* _Work instructions_
For the entries below, return the line holding "Rock & Roll" together with all lines after it, unchanged, and leave every picture out.

* _Information supplied_
=== Section Start ===
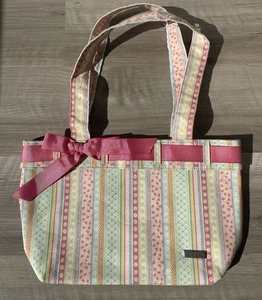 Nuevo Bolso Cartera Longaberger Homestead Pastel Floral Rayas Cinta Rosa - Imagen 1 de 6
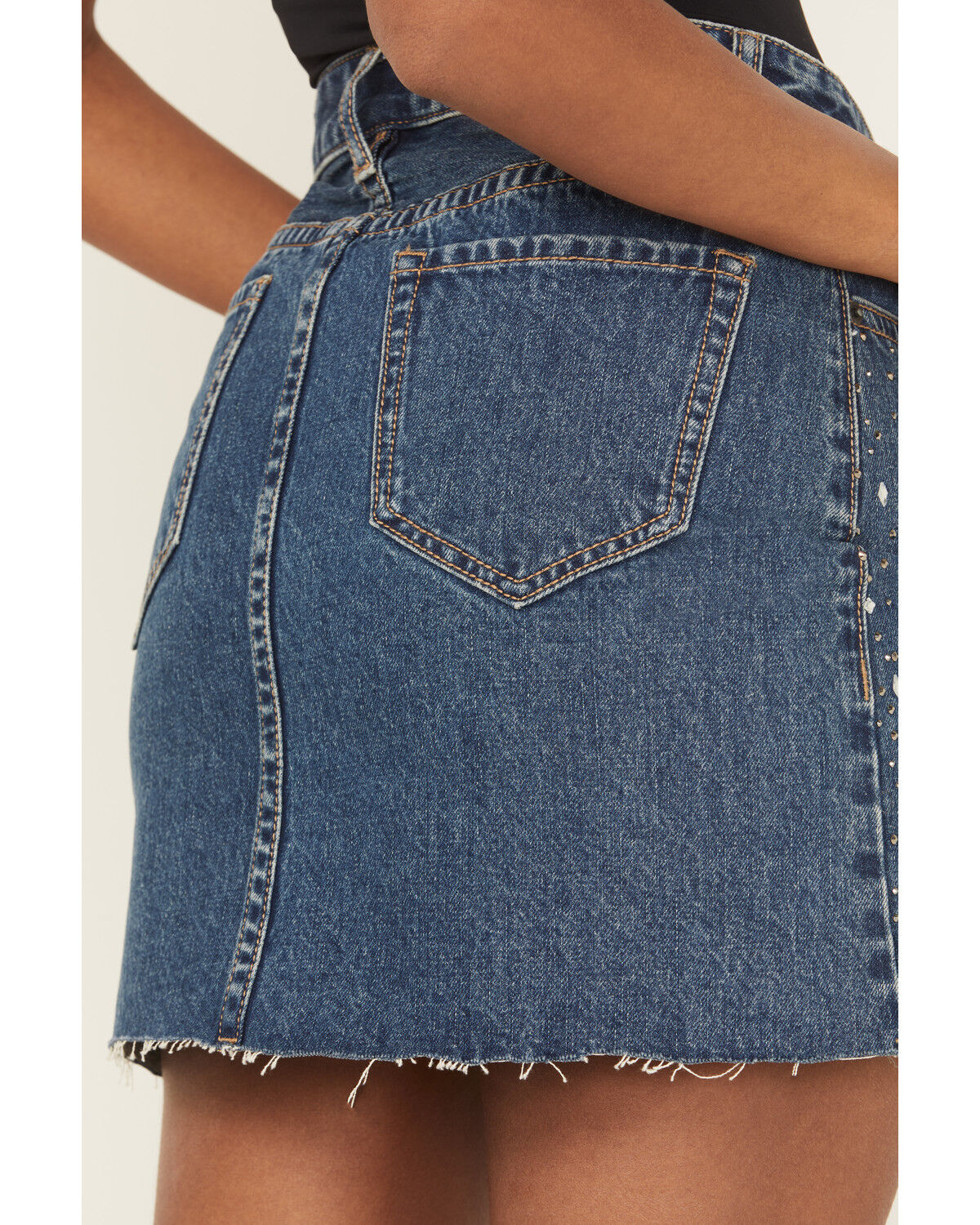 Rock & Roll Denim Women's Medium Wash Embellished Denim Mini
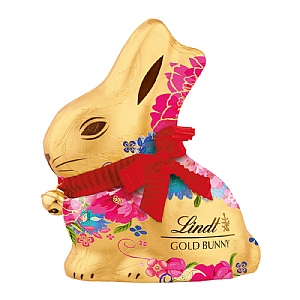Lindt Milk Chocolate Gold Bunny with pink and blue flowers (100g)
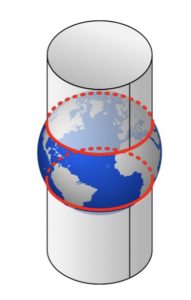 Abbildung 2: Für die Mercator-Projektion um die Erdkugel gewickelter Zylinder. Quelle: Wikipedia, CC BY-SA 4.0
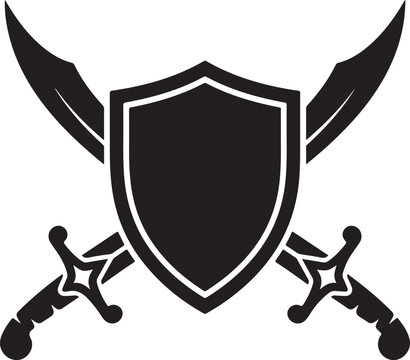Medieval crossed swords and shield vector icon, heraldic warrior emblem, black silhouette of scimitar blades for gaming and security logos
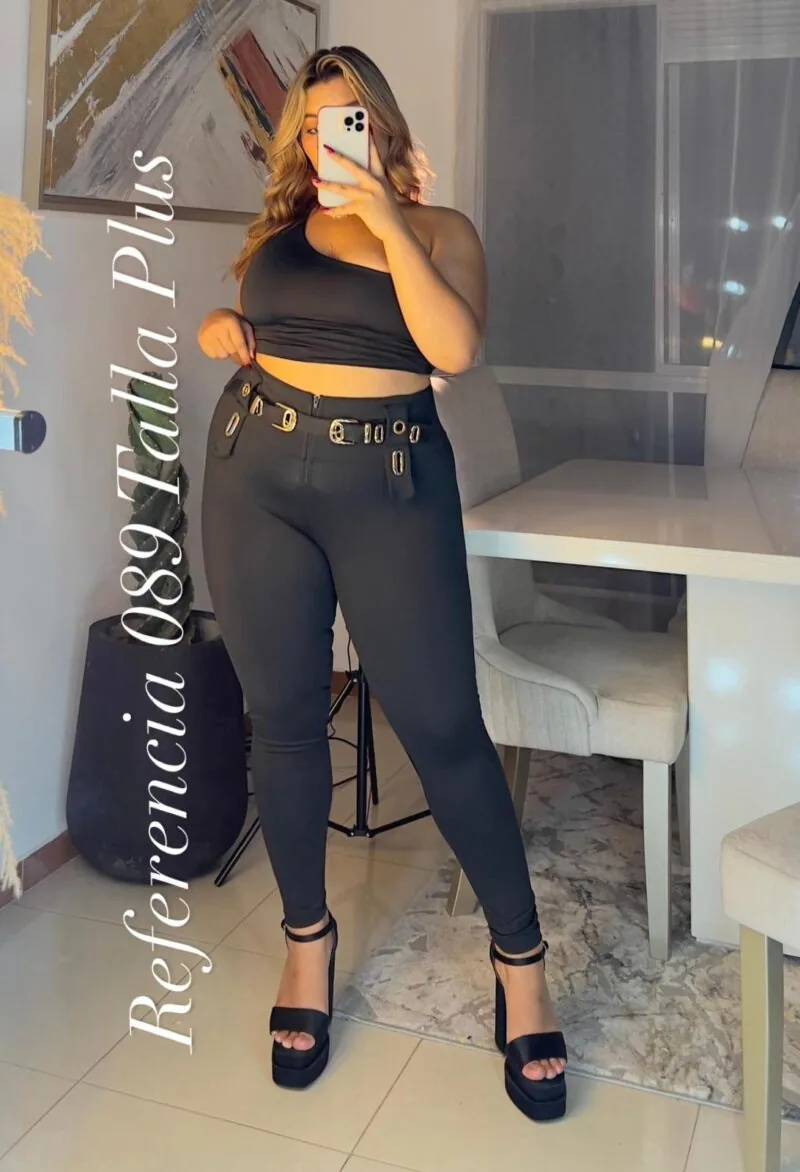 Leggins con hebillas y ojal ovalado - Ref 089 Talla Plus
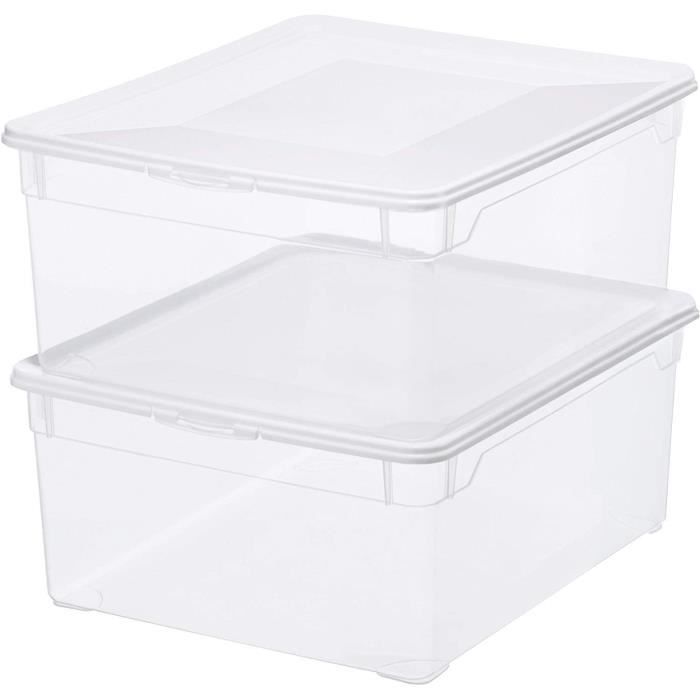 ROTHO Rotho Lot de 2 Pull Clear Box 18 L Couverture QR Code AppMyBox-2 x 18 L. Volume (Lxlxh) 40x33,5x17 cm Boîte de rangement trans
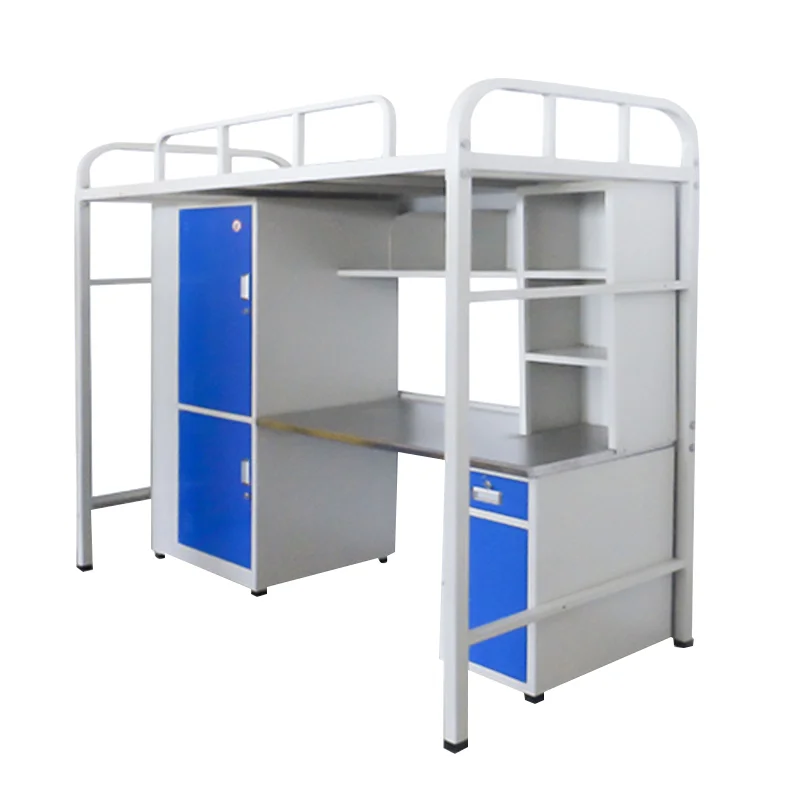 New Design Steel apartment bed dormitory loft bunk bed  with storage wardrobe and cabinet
=== Section End ===
* _Result of the task_
 Rock & Roll Denim Women's Medium Wash Embellished Denim Mini
Lindt Milk Chocolate Gold Bunny with pink and blue flowers (100g)
 Abbildung 2: Für die Mercator-Projektion um die Erdkugel gewickelter Zylinder. Quelle: Wikipedia, CC BY-SA 4.0
Medieval crossed swords and shield vector icon, heraldic warrior emblem, black silhouette of scimitar blades for gaming and security logos
 Leggins con hebillas y ojal ovalado - Ref 089 Talla Plus
 ROTHO Rotho Lot de 2 Pull Clear Box 18 L Couverture QR Code AppMyBox-2 x 18 L. Volume (Lxlxh) 40x33,5x17 cm Boîte de rangement trans
 New Design Steel apartment bed dormitory loft bunk bed  with storage wardrobe and cabinet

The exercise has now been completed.